Key takeaways:
- A global trade war is a real threat
- The reaction from global policymakers, particularly central banks, will shape market sentiment
- Markets may stay volatile until policy clarity returns, but long-term fundamentals will ultimately reassert themselves
What’s happened?
As investors are uncomfortably aware of, global equity markets have been in freefall since U.S. President Donald Trump’s announcement of “reciprocal tariffs” on April 2. As of this writing (April 4 at 10 a.m. Pacific), U.S., UK and European shares are down by close to 10% since the announcement. Government bond yields have fallen by 0.2 to 0.3 percentage points as investors rush to safe havens.
Market reaction since the announcement
- U.S., European and UK stock markets are down by around 9%
- U.S. 10-year Treasury yields have fallen by 20 basis points to about 4.0%
- UK 10-year gilt yields have fallen by 25 basis points to 4.4%
- German 10-year bund yields have fallen 20 basis points to 2.5%
- Euro has rallied by 2% against the USD
- Sterling is up about 1% against the USD
- 4 Fed rate cuts are priced by year-end, taking the federal funds rate to 3.25%
- 3 ECB rate cuts are priced by year-end, taking the deposit facility rate to 1.5-1.75%
- 3 BOE rate cuts are priced by year-end, taking the base rate to 3.75%
The global nature of the trade war is a real problem. For instance, the EU might only have a small direct exposure to U.S. exports, but overall exports of goods account for nearly 40% of GDP. For the UK, it’s around 15% of GDP. Markets fear that the trade war, potential retaliation and the policy uncertainty from the White House will cause a global recession and magnify the impact of the individual tariff decisions.
Retaliate or negotiate?
One issue to watch is whether governments choose to retaliate or negotiate. China today announced 34% retaliatory tariffs on U.S. imports. European Commission (EC) President Ursula von der Leyen has taken a more measured approach, saying that she will wait four weeks before announcing a response. And that the EC preferred to negotiate to “remove any remaining barriers to transatlantic trade.” The UK has made no official announcement, presumably on relief at the “low” 10% tariff imposed.

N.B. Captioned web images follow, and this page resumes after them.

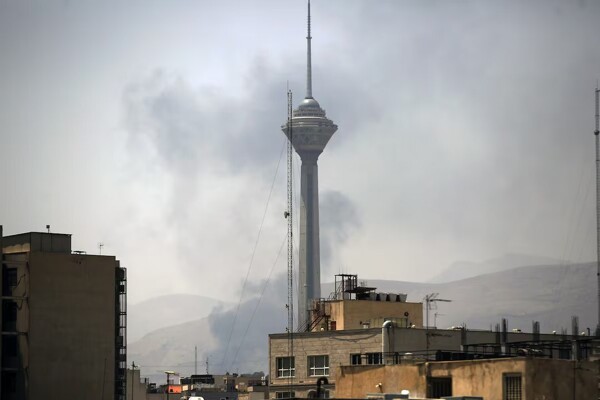 24 muertos en ataque estadounidense-israelí contra escuela en Irán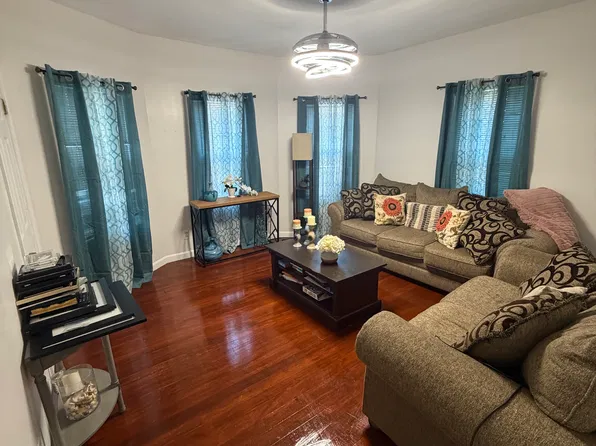 23 Magnolia St APT 1, Pawtucket, RI 02860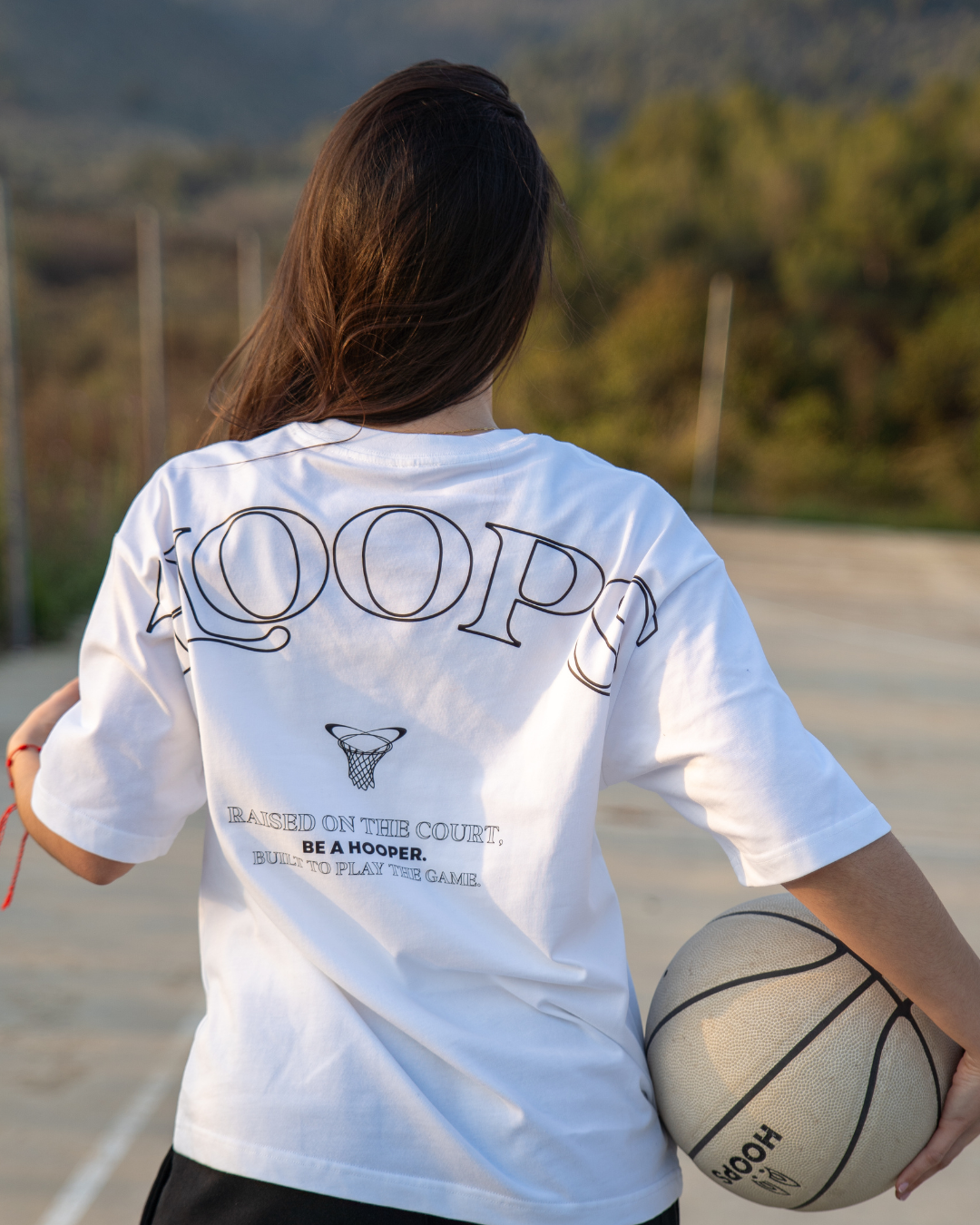 Camiseta Oversized Raised on The Court - White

Another key factor will be whether President Trump decides to reduce tariffs on countries that he feels are taking steps to reduce what he perceives as unfair trade barriers. There is precedent for this behavior, as President Trump has a track record from his first term of making aggressive policy announcements to exert the maximum possible pressure, before relenting and announcing that he has achieved a great deal.
Release the doves
Meanwhile, the response of policy makers is also worth watching. Markets are anticipating more rate cuts from the ECB and the Bank of England. Dovish statements from central bankers will help to settle market nerves. The reaction of Fed chair Jay Powell will matter most. Indications that the inflation impact of tariffs will slow the pace of easing could deepen investor fears about a U.S. and global recession. Conversely, a clear signal that policy will quickly become accommodative to support economic growth will help investor confidence. Powell’s comments today suggest that the Fed is still willing to “wait for greater clarity”.
The bottom line
We have been through these periods of market panic before. Markets are likely to remain volatile until there is more policy certainty. Over time, the long-term fundamentals of economic growth and corporate profit growth will come back into focus.
At Russell Investments, we remain focused on portfolio diversification through this volatile period and are watching closely our measures of investor sentiment for signs that market dislocations have moved to an extreme.